Dos mujeres cuya edad pasa de los cincuenta años caminan la una hacia la otra por la misma acera. Una de ellas cree reconocer a la otra.

  • ¿Julia?, ¿eres tú?
  • Sí, pero…, perdona…, es que no te reconozco, ¿nos conocemos?
  • ¡Pero Julia, si soy Margarita!
  • ¡Margarita!, ¡madre mía!, ¡cuánto tiempo sin verte!

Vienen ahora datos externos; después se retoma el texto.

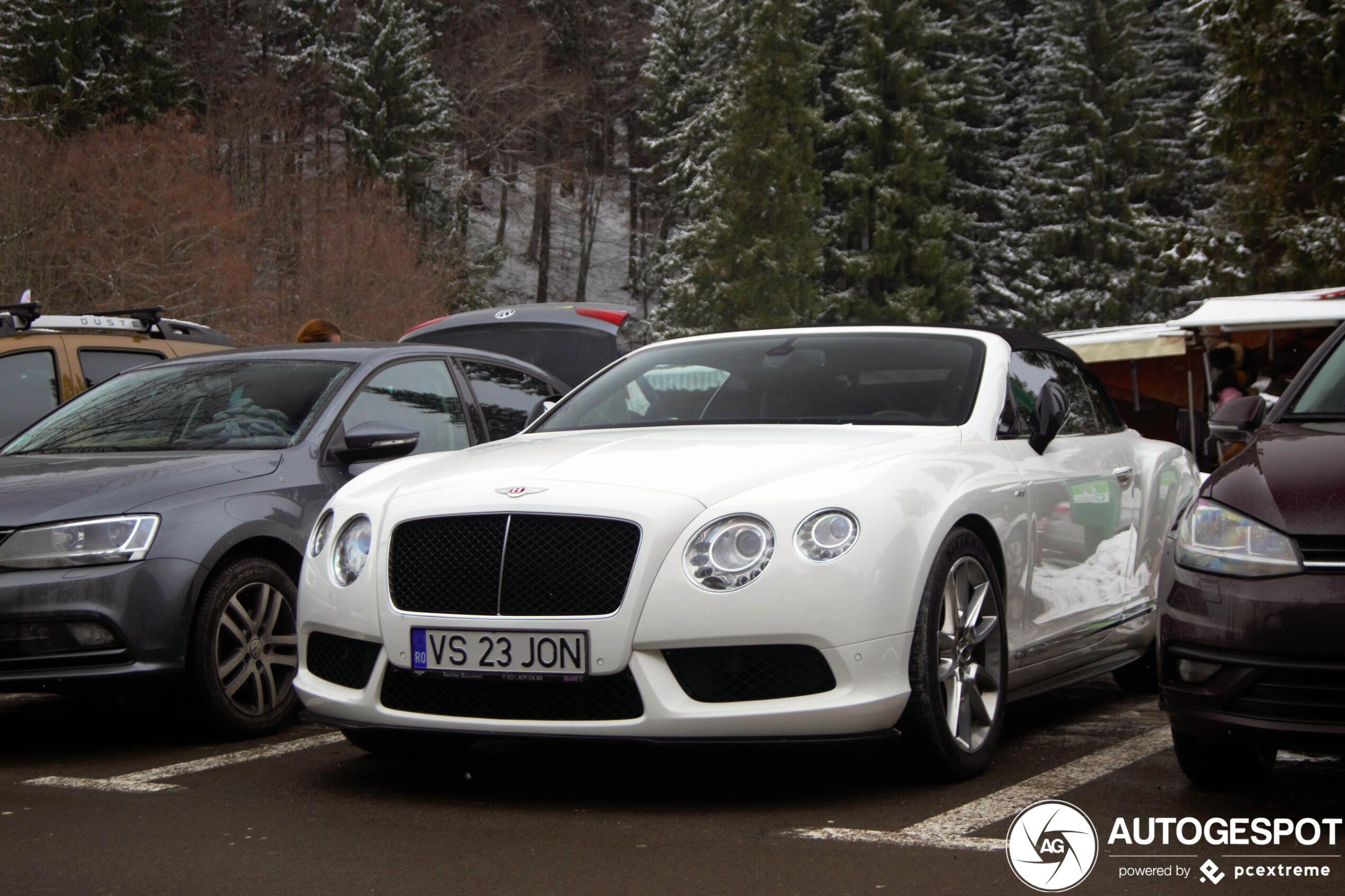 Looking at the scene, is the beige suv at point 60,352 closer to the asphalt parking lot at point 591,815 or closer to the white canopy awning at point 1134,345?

Las dos mujeres habían sido compañeras y amigas en los tiempos de la universidad, cuando las dos estudiaban magisterio. De eso hacía treinta años.

«Se notaba que esa alegría era superficial…»

Sorprendidas y contentas de haberse reencontrado deciden acercarse a una cafetería y charlar un rato, ponerse al día de sus vidas y de cómo habían pasado todos estos años. Vistas desde fuera había una gran diferencia entre ambas. Julia desprendía una energía especial, de seguridad y fuerza. Su espalda mostraba una rectitud y una elegancia que llamaban la atención y su porte era el de una persona satisfecha y contenta con su vida. Irradiaba una luz especial. En contraste, Margarita parecía encogida, sin brillo ni energía. Su expresión daba la sensación de triste, incluso con un matiz de amargura o decepción. Aunque se alegraba de haberse encontrado con Julia, se notaba que esa alegría era superficial y que, como de fondo, irradiaba un halo de insatisfacción que restaba brillo y prestancia a su presencia.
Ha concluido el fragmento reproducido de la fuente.